Dans le film d’Arthur Hiller, un jeune homme riche s’amourachait d’une jeune fille modeste. Dans Titanic c’est le contraire mais c’est pareil : prince et bergère, princesse et berger, c’est interchangeable. Il y a en plus, bien entendu, la certitude d’une catastrophe collective, une histoire effroyable connue de tous, des effets spéciaux et des moyens à la mesure d’un budget considérable et toutes les ficelles dramaturgiques que l’on peut tirer de la juxtaposition sur le gros paquebot, de personnalités dissemblables, caractéristiques, odieuses ou généreuses, courageuses ou lâches, des marins, des enfants, des officiers, des soutiers, des salauds et des héros.
Sur ce dernier point, déjà, je dis ma déception : les bons films-catastrophe (La tour infernale par exemple) sont ceux qui présentent et approfondissent des tas de personnages qu’on suivra ensuite avec sympathie ou antipathie, dont on partagera les craintes et les espérances, qui donneront en quelque sorte, un peu de chair et de substance au véritable sujet qui est, en soi, la catastrophe. Ceci n’exclut évidemment pas que certains protagonistes se détachent et deviennent le ou les héros du film, mais il y a des arrière-plans qui permettent donc de mettre en valeur les premiers sujets.
L’histoire d’amour qui réunit Jack (Leonardo DiCaprio) et Rose (Kate Winslet), dans sa niaiserie prétendument audacieuse (et donc d’une infinie vertueuse conformité aux codes des romans roses et du politiquement correct) prend malheureusement tellement de place qu’elle estompe complètement le comportement de tous les autres voyageurs, à la toute mince exception du fiancé de Rose, Caledon Hockley (Billy Zane) et de son âme damnée Lovejoy (David Warner) ; d’autant que le film est absolument pollué par les séquences qui se situent en 1996 et les retrouvailles avec Rose, alors centenaire (Gloria Stuart) absolument dénuées de tout intérêt, sans doute conçues pour qu’on y puisse voir le retour à la mer du diamant bleu pieusement conservé par la vieillarde : une des images les plus grotesques de l’histoire du cinéma (qui n’en manque pas, il est vrai).
La caractérisation des deux héros ne fait évidemment pas dans la dentelle. La jeune femme, en avance sur son temps, apprécie Monet, Degas, les impressionnistes et, avant tout le monde a perçu le génie (??) de Picasso ; elle est évidemment en révolte contre son milieu (il est vrai que la veulerie arrogante de son fiancé est vraiment gratinée) ; elle est désintéressée, passionnée, courageuse. Le jeune homme, qui a du talent artistique, est charmeur, chanceux, séduisant, hardi, inventif. C’est un conte de fées héroïque (les héros sont seuls contre tous) et tragique. Cucul-la-praline, en tout cas.

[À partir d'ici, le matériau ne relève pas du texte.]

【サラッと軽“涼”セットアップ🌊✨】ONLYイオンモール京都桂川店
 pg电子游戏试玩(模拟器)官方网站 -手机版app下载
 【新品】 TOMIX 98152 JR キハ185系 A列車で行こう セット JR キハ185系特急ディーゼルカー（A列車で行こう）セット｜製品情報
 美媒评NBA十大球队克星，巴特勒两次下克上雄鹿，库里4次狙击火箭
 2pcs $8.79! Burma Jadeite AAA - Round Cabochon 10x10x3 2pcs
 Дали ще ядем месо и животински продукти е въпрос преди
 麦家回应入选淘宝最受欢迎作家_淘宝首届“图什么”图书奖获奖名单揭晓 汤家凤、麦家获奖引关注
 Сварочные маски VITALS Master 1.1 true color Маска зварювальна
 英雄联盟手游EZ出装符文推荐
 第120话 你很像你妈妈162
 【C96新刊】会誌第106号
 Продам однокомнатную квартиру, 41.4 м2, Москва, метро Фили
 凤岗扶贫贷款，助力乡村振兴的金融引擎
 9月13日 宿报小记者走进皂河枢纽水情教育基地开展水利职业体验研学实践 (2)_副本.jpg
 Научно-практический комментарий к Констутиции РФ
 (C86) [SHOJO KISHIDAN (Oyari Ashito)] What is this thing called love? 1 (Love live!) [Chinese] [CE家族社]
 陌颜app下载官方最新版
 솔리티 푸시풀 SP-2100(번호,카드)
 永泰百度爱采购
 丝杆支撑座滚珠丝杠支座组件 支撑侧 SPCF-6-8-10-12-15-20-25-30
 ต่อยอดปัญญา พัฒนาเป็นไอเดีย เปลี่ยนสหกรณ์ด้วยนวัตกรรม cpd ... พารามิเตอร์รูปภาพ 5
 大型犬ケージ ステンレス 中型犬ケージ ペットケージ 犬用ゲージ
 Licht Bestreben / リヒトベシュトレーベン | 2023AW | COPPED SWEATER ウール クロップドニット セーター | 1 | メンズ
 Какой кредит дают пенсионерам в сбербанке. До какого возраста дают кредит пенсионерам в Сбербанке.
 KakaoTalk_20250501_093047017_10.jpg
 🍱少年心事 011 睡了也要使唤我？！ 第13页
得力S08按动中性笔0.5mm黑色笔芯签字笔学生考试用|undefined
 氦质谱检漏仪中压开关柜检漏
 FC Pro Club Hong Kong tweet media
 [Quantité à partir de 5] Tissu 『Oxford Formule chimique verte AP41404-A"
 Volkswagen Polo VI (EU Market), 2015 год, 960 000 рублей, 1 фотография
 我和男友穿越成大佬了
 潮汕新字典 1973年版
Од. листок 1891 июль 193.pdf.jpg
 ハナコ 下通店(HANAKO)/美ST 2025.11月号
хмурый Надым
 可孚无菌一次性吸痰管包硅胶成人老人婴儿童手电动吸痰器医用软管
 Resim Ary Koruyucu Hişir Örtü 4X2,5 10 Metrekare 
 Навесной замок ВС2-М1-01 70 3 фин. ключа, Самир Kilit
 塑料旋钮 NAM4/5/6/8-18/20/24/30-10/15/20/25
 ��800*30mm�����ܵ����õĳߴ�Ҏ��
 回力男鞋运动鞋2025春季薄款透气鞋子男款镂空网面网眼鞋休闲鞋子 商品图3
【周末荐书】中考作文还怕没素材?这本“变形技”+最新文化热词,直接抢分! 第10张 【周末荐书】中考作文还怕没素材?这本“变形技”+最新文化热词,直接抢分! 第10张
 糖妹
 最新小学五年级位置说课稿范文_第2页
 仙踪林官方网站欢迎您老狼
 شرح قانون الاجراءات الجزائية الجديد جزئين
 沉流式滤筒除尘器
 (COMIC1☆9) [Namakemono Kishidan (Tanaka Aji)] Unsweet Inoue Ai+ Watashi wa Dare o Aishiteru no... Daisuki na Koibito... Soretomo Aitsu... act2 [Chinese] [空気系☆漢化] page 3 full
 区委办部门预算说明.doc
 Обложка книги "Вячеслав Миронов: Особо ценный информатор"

C’est dommage parce que les seules images du naufrage sont extrêmement spectaculaires et que James Cameron a pu bénéficier de gros moyens pour le reconstituer. Mais sur les 3 heures et quart que dure le film, que de place perdue ! Le choc avec l’iceberg ne survient qu’au bout d’1h40 et la dernière demi-heure, après l’engloutissement du paquebot, tire à la ligne. Reste, si je compte bien (ce dont je ne suis pas sûr) 1h et quart d’effets dramatiques. Mes souvenirs très vagues de Atlantique, latitude 41° sont ceux d’une plus juste proportion entre les préliminaires et l’action…
Il y a eu presque 21 millions de spectateurs en France pour voir ça ; et 20 millions et demi pour Bienvenue chez les ch’tis. Tout cela est glaçant.